Petr Schreiber
17-09-2012, 22:24
This is the adapted code from listing 1.1 in chapter 1 of the book OpenCL in Action.
The example basically performs this matrix multiplication:
| 0.0 2.0 4.0 6.0 | | 0.0 | | 84.0 |
| | | | | |
| 8.0 10.0 12.0 14.0 | | 3.0 | | 228.0 |
| | x | | = | |
| 16.0 18.0 20.0 22.0 | | 6.0 | | 372.0 |
| | | | | |
| 24.0 26.0 28.0 30.0 | | 9.0 | | 516.0 |
Comparing to the original example I added more informative text information to console output.

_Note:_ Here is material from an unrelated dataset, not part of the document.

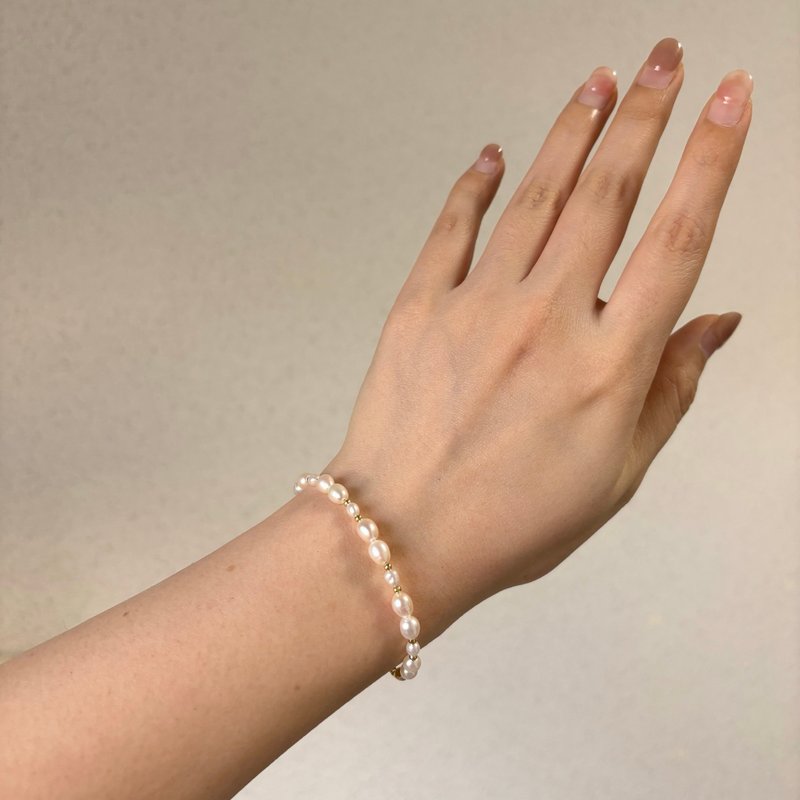 淡水珍珠 14KGF 手链 皮光好 - 手链/手环 - 珍珠 白色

' -- NOTE: Enhanced to list the result/expected result
Uses "Console", "File"
#INCLUDE "%APP_INCLUDEPATH%/cl/cl.tBasicU"
Begin Const
$PROGRAM_FILE = APP_SourcePath+"matvec.cl"

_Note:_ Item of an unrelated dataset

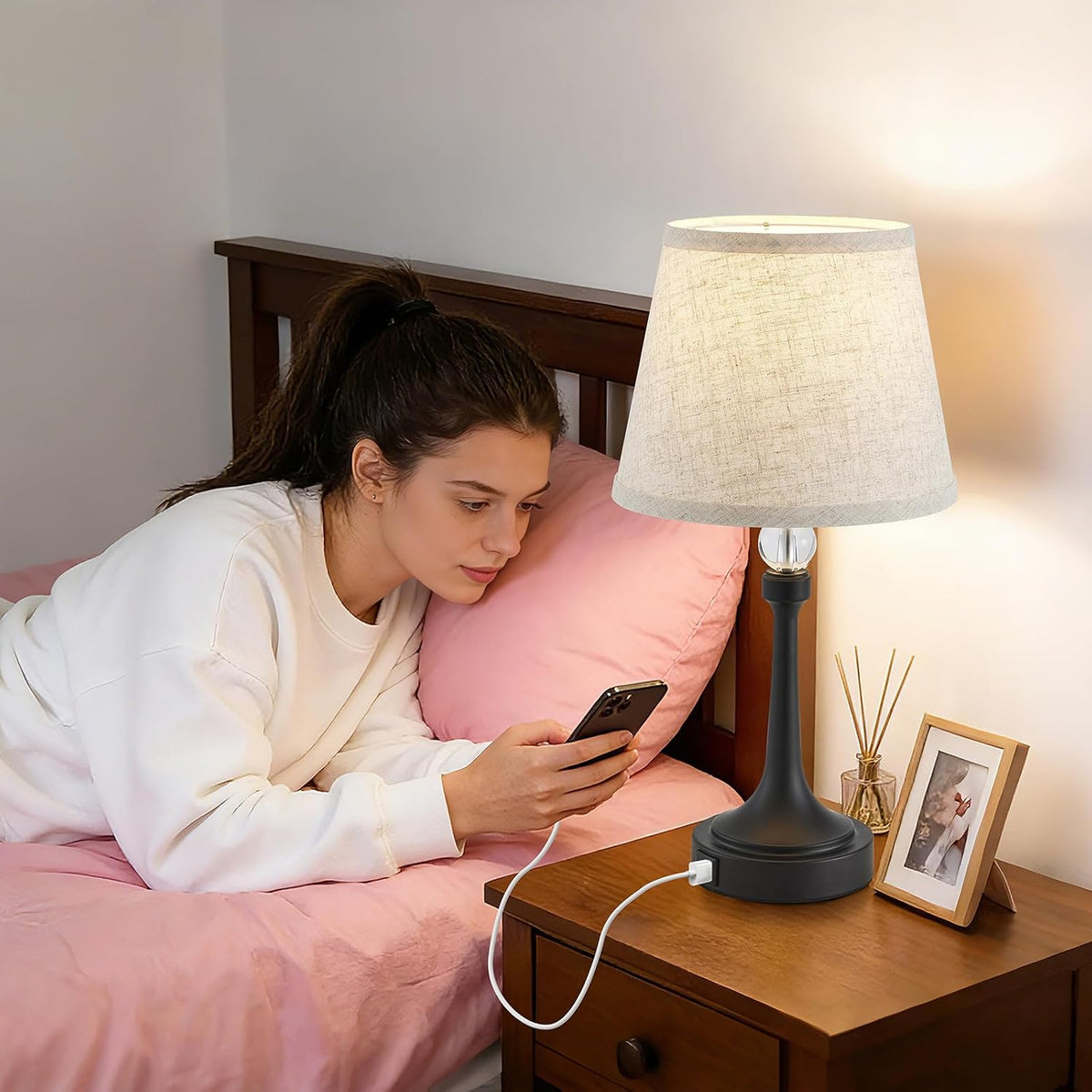 Touch Table Lamp with USB C+A Ports-Black 19.7'' 1pcs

$KERNEL_FUNC = "matvec_mult"
End Const
Function TBMain()
/* Host/device data structures */
tcl_platform_id platform
tcl_device_id device
tcl_context context
tcl_command_queue queue
tcl_int i, ErrCl
/* Program/kernel data structures */
tcl_program program
String program_buffer, program_log
tSize program_size, log_size
tcl_kernel kernel
/* Data and buffers */
Single mtx(16), vec(4), result(4)
Single correct(4) = 0.0, 0.0, 0.0, 0.0
tcl_mem mat_buff, vec_buff, res_buff
tSize work_units_per_kernel
/* Initialize data to be processed by the kernel */
For i = 1 To 16
mtx(i) = (i-1) * 2.0
Next
For i = 1 To 4
vec(i) = (i-1) * 3.0
correct(1) += mtx(i) * vec(i)
correct(2) += mtx(i+4) * vec(i)
correct(3) += mtx(i+8) * vec(i)
correct(4) += mtx(i+12) * vec(i)
Next
/* Identify a platform */
ErrCl = clGetPlatformIDs(1, platform, ByVal NULL)
If (ErrCl < 0) Then
perror("Couldn't find any platforms")
APP_SetReturnCode(1) : WaitKey : Exit Function
End If
/* Access a device */
ErrCl = clGetDeviceIDs(platform, CL_DEVICE_TYPE_GPU, 1, device, ByVal NULL)
If (ErrCl < 0) Then
perror("Couldn't find any devices")
APP_SetReturnCode(1) : WaitKey : Exit Function
End If
/* Create the context */
context = clCreateContext(ByVal NULL, 1, device, ByVal NULL, ByVal NULL, ErrCl)
If (ErrCl < 0) Then
perror("Couldn't create a context")
APP_SetReturnCode(1) : WaitKey : Exit Function
End If
/* Read program file and place content into buffer */
program_buffer = FILE_Load($PROGRAM_FILE)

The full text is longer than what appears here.